Old 09-02-2010, 10:11 AM   #1
samclem's Avatar
Join Date: May 2004
Posts: 11,920
Enhanced cost basis reporting: Will allow us lazy folks to save on taxes.

I got an email from Vanguard about their upcoming changes in cost basis reporting. Here's the web page.
In part:
Beginning later this year for stocks and ETFs purchased through Vanguard Brokerage—and later in 2011 for mutual fund shares—we will offer the following calculation methods:
  • Average cost. Calculates the average cost per share for each share you own. (Available only for mutual fund shares and dividend reinvestment plans.)
  • First in, first out (FIFO). Shares with the oldest purchase date will be sold first.
  • Specific identification (Specific ID). You choose the shares (or lots) to sell to realize a capital gain or loss.
  • Last in, first out (LIFO). Shares with the most recent purchase date will be sold first.
  • Highest in, first out (HIFO). Shares with the highest purchase price will be sold first.
  • Minimum tax (MinTax). Shares will be sold to realize the lowest taxable gains. This method realizes long-term gains before short-term gains.
Until now I've always used the Average Cost method because it is too much hassle (whine, whimper) to do otherwise. Now it looks like it will be considerably easier (I'm assuming Vanguard will set up some online method to identify the specific shares for the Specific ID method, eliminating the present need for a letter).

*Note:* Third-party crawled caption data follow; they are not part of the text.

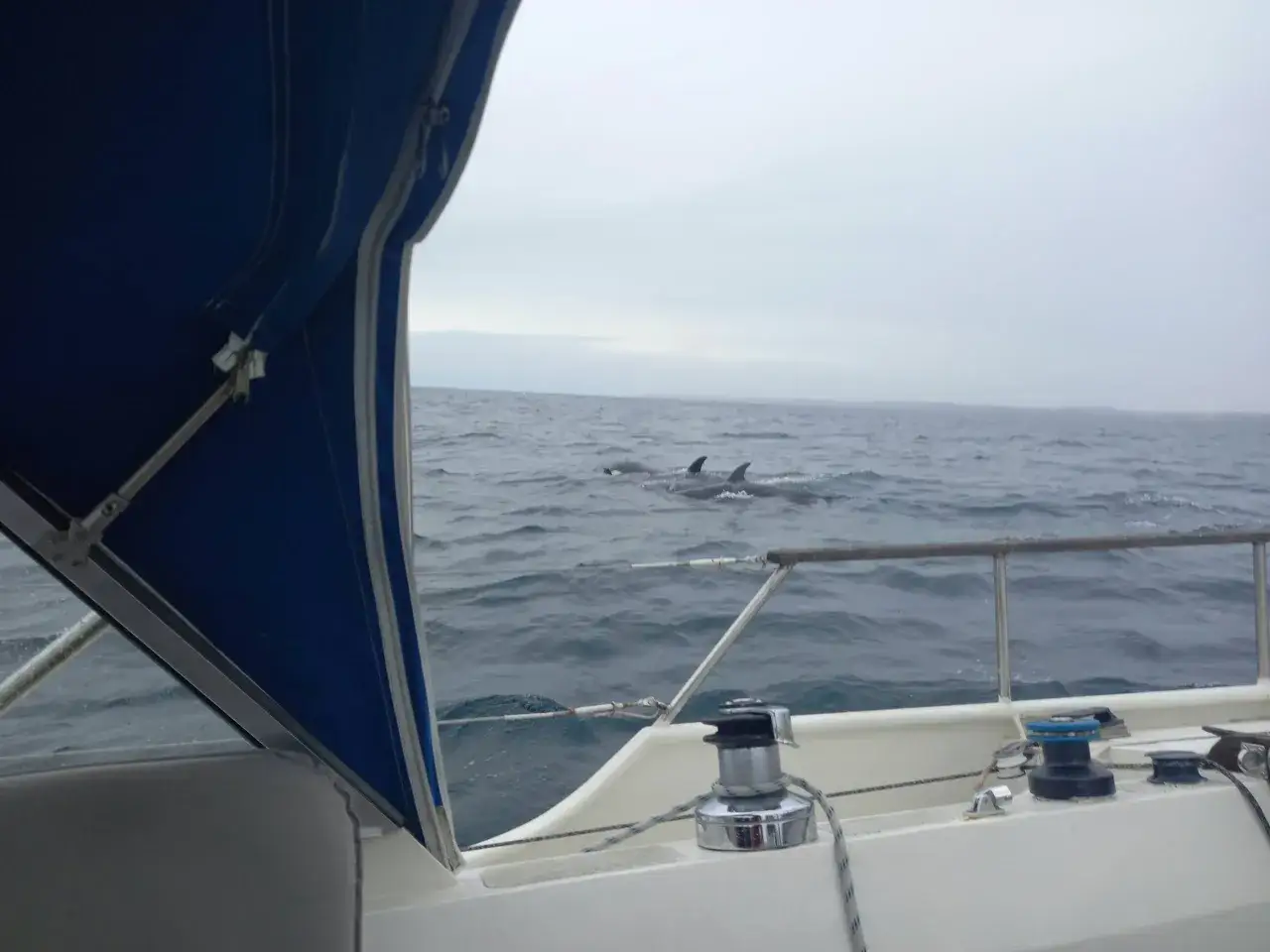 Orcas schwimmen neben einem Segelboot. Ein aufregender Moment, der an einen Orca-Angriff auf ein Segelboot erinnert.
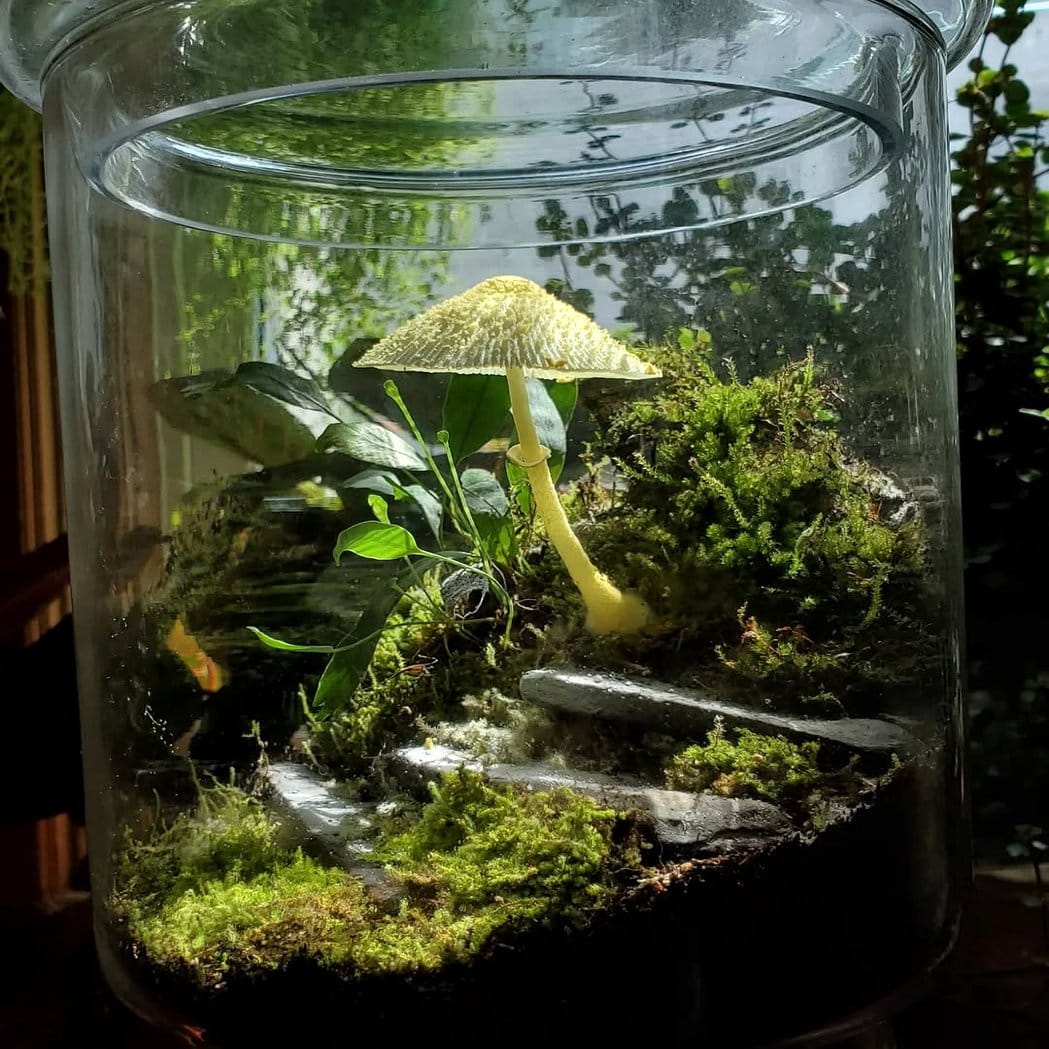 Twinkling fairy lights amongst moss and mushrooms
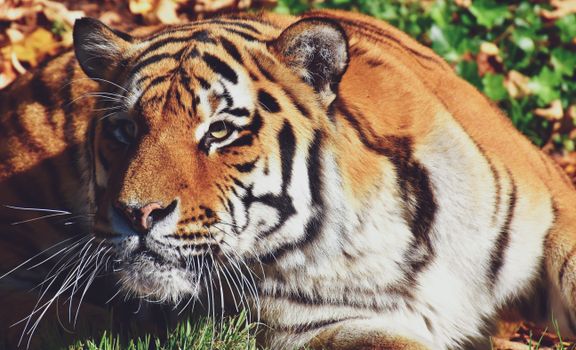 Captivating close-up of a tiger lounging in sunlit autumn foliage, showcasing its striking stripes and intense gaze.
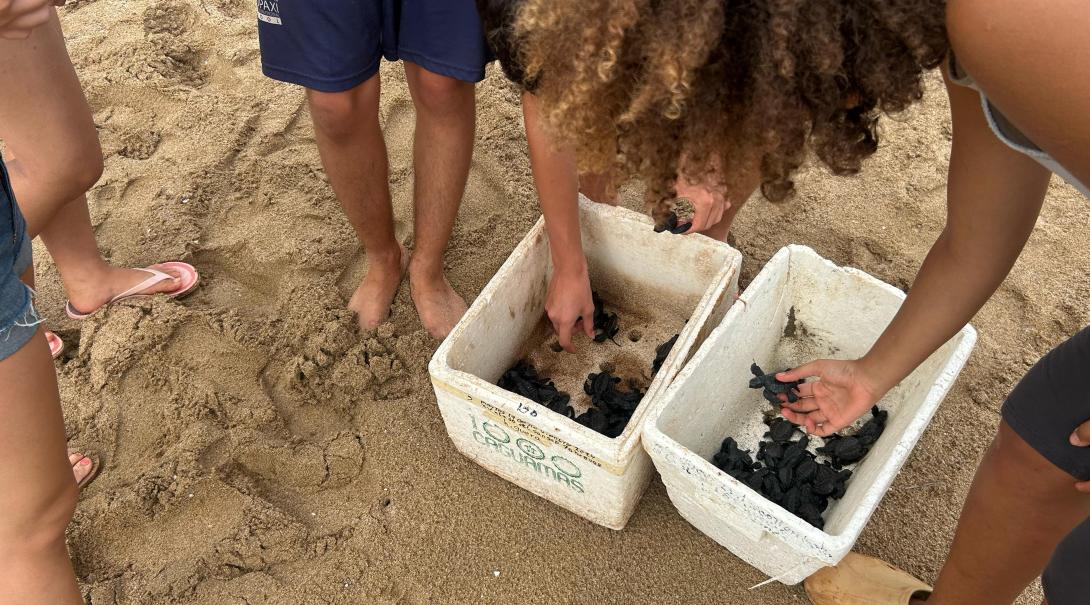 Conservation volunteers handling baby turtles on the beach in Mexico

Of course, the devil will be in the details. And apparently the changes in reporting only affect newly-purchased shares. For those accumulating funds in taxable accounts, and who have "spoiled" an account by withdrawing under one of the methods above (thus locking yourself in to that cost basis accounting method) it might make sense to open a fresh account for your new contributions, thus starting with a clean slate and gaining the most benefit from the newly offered reporting options.

At any rate, the new reporting methods will allow the laziest among us to take advantage of the smart tax-loss harvesting methods that the sharp-pencil crowd have been using for years.

I assume other fund companies are making the same changes.